The number of unemployed persons fell by 2.1 million to 21.0 million. Unemployed persons have increased by 15.2 million since March, reflecting the impact of the coronavirus. This has led to angst for millions of Americans, and may have amplified social unrest around the country. The fall in the unemployment rate was positive. However, it does not reflect employment-age individuals no longer looking for work.

The labor participation rate was 60.8 percent, down from 62.9 percent in the year-earlier period. It was an improvement over the 60.2 percent reported in April. There were 101.8 million people not in the labor force, up from 96.1 million in the year-earlier period. As the economy reopens, these statistics should show a marked improvement. The question remains, “How will improvements in the labor force impact the next presidential election?”

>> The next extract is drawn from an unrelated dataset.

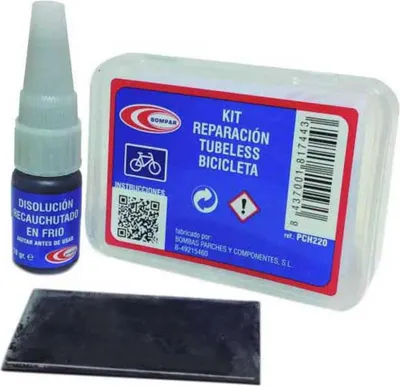 Image de Bompar Kit de réparation tubeless noir noir One Size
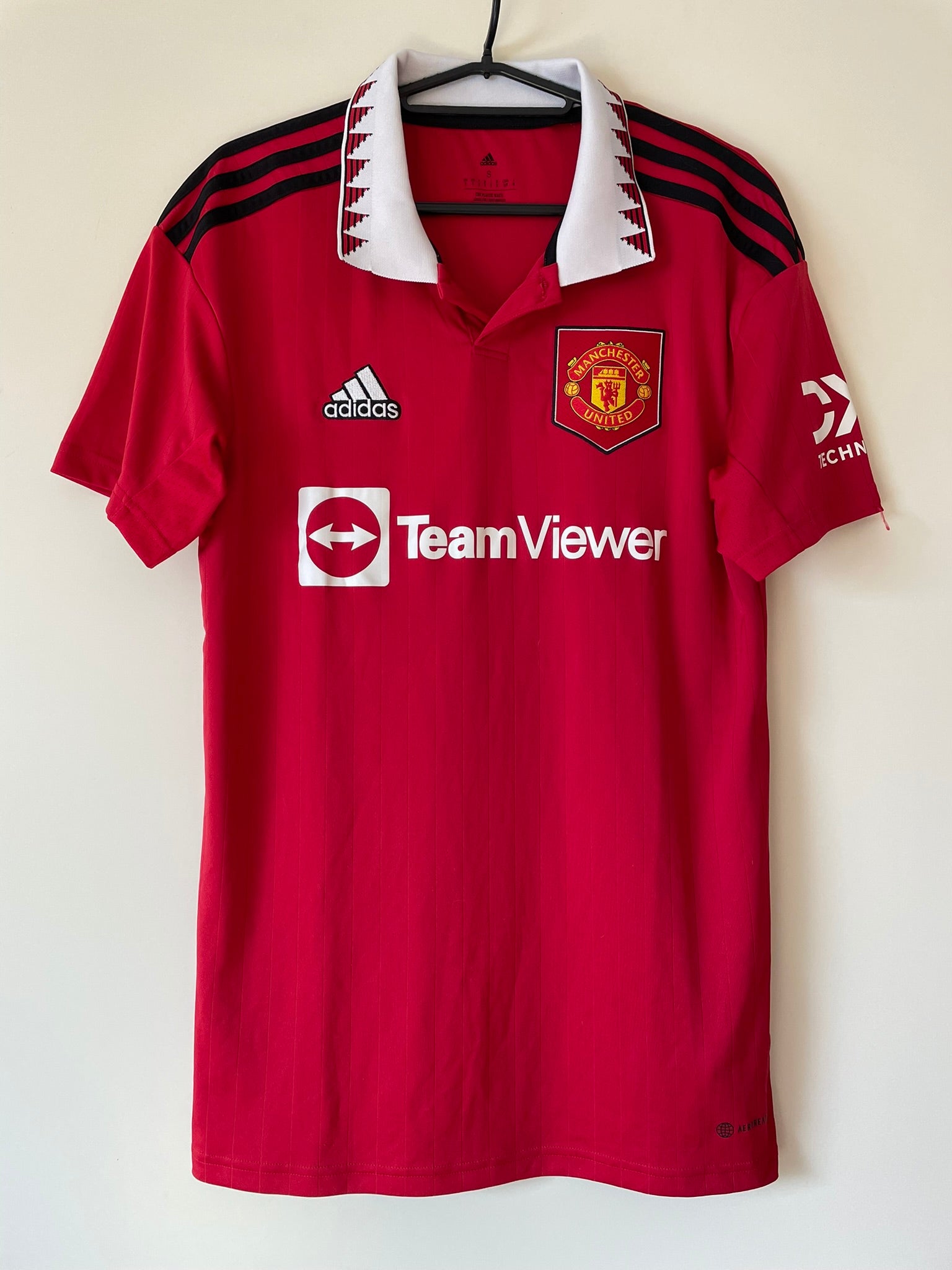 Cristiano Ronaldo #7 Manchester United Adidas 22/23 Home (S)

How Will Financial Markets React?

During the Financial Crisis of 2008/2009, Federal Reserve Chairman Ben Bernanke and President Obama worked together like hand and glove. Bernanke and Janet Yellen kept rates extremely low in order to help the economy recover. Current Fed Chairman Jerome Powell hiked rates, yet had to relax his stance amid the trade war with China and the knock-on effects of the pandemic. The Fed has provided liquidity to the bond market to ensure companies have access to credit and announced a $2.3 trillion relief package for small businesses and local governments. Jerome Powell recently warned Congress against withdrawing stimulus:

Jay Powell, the chair of the Federal Reserve, has warned Congress against withdrawing fiscal support for the US economy, saying it could imperil recovery from the shock of the coronavirus crisis.

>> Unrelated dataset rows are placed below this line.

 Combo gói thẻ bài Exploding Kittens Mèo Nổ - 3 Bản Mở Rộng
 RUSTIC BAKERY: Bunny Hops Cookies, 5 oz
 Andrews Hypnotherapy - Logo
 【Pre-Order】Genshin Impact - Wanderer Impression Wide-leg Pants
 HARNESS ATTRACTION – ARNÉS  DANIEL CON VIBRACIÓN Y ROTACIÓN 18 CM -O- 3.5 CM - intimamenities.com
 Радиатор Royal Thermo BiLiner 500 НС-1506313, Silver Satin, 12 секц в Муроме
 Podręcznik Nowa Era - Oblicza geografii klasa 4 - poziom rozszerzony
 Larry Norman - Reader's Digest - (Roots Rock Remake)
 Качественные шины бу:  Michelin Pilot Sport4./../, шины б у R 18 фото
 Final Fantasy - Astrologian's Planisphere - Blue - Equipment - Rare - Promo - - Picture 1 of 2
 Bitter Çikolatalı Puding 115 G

“I would just note that there are something like 25m people who have been dislodged from their jobs either in full or in part due to the pandemic,” Mr Powell told the House financial services committee on Wednesday. “It would be a concern if Congress were to pull back from the support that it’s providing too quickly.”

I have been bearish on the U.S. economy for several years. The pandemic likely exposed weaknesses that had been there all along. Policymakers have employed stimulus measures that helped prop up asset prices. In April, Brent oil fell below $10. Supply cuts from Russia, Saudi Arabia and U.S. drillers have helped drive Brent oil above $40. Rising oil prices were positive for oil-related names, but will demand remain robust enough to keep prices from cratering again?

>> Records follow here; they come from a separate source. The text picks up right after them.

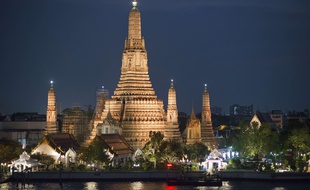 Le temple Wat Arun, à Bangkok.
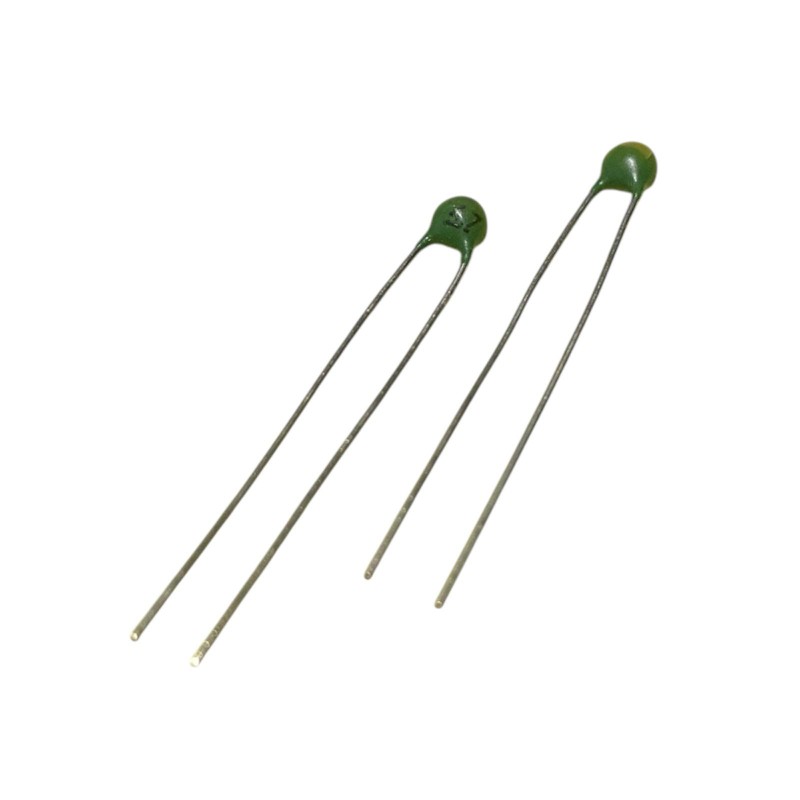Lotto 100pz. Condensatori Ceramici Vintage Taiyo Yuden RUTILCON 4.7pF 50V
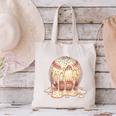 Baseball Drip Ice Cream Melting Illustration Canvas Tote Bag Baseball Drip Ice Cream Melting Illustration Canvas Tote Bag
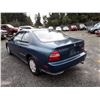 Image 4 : A12A --  1995 HONDA ACCORD , Green , 363689  KM's "NO RESERVE"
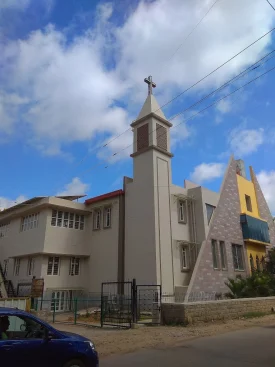 Our Lady of Sacred Heart Church – Bellandur gate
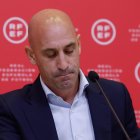El expresidente de la Federación Española de Fútbol, Luis Rubiales, en una foto de archivo.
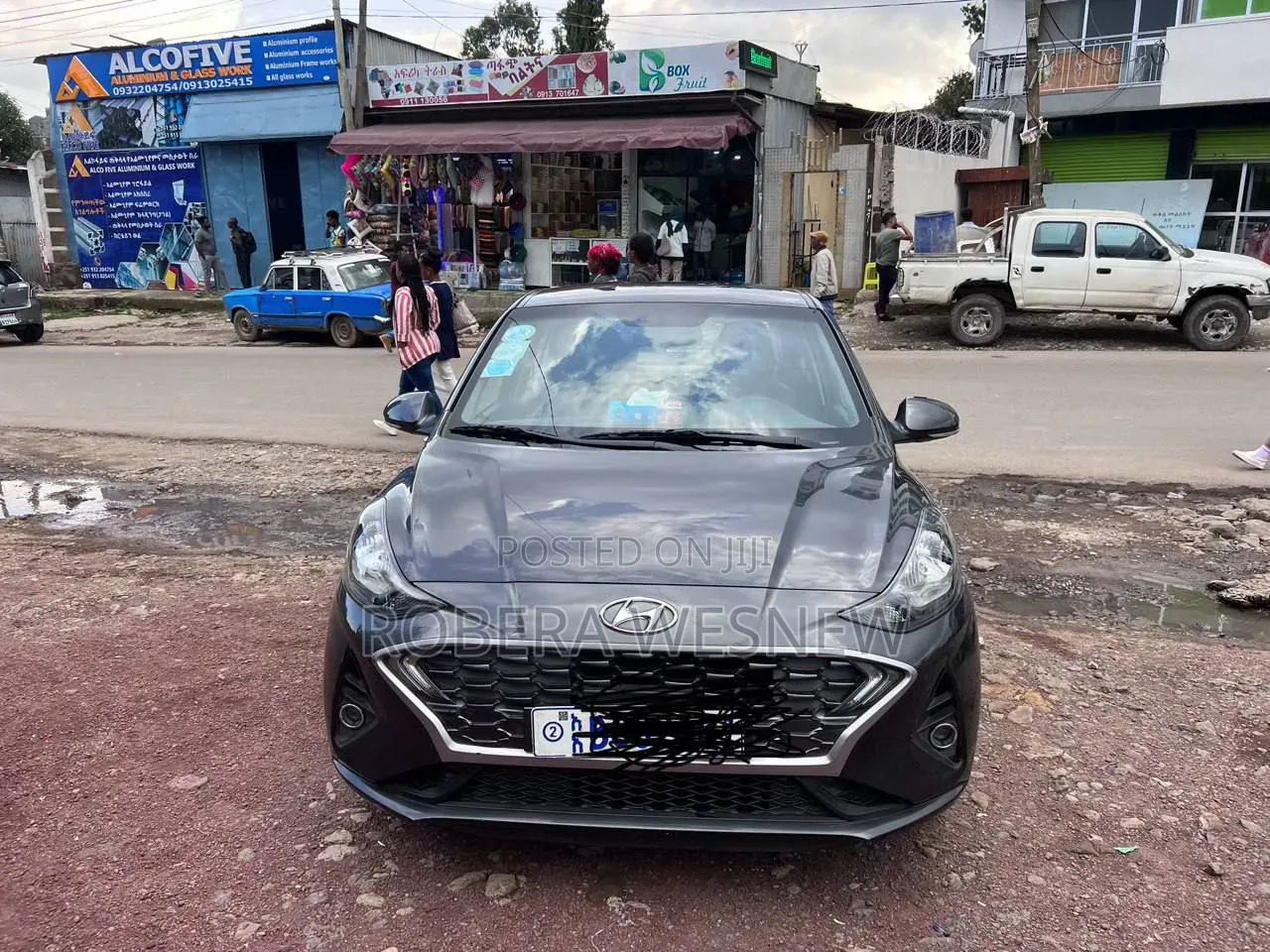 Hyundai I10 2021 Matt Black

Financial markets reacted positively to monetary stimulus and rising oil prices. Some investors were betting on a V-shaped recovery. The Dow Jones (DIA) was up about 40 percent from its 52-week low achieved in March. Earnings fundamentals may not matter in the short term as long as investors continue to bet on a recovery. As companies begin to reopen, that bullishness could pay off.

Q1 GDP fell 5.0 percent, with personal consumption expenditures falling 6.8 percent and business fixed investment down 8.7 percent. Consumer spending has held up the economy for years; its recent decline was a red flag. A Fed gauge predicts Q2 GDP could fall by over 50 percent. If that occurs then it will likely be driven by a free-fall in consumer spending. If consumer spending does not rebound to previous levels then GDP could remain flat to declining for several quarters. In my opinion, retail and the travel industry could be the two sectors of the economy hardest-hit by waning consumer spending. If consumers focus their spending on essential items, retail and commercial air travel could face headwinds for several quarters.

Conclusion

Financial markets could continue to rally on hopes of a V-shaped recovery. Sans more stimulus, I doubt the economy can sustain much growth even after the economy reopens. Investors should avoid cyclical names and highly-indebted names that need consistent cash flow to service debt.

Disclosure: I/we have no positions in any stocks mentioned, and no plans to initiate any positions within the next 72 hours. I wrote this article myself, and it expresses my own opinions. I am not receiving compensation for it (other than from Seeking Alpha). I have no business relationship with any company whose stock is mentioned in this article.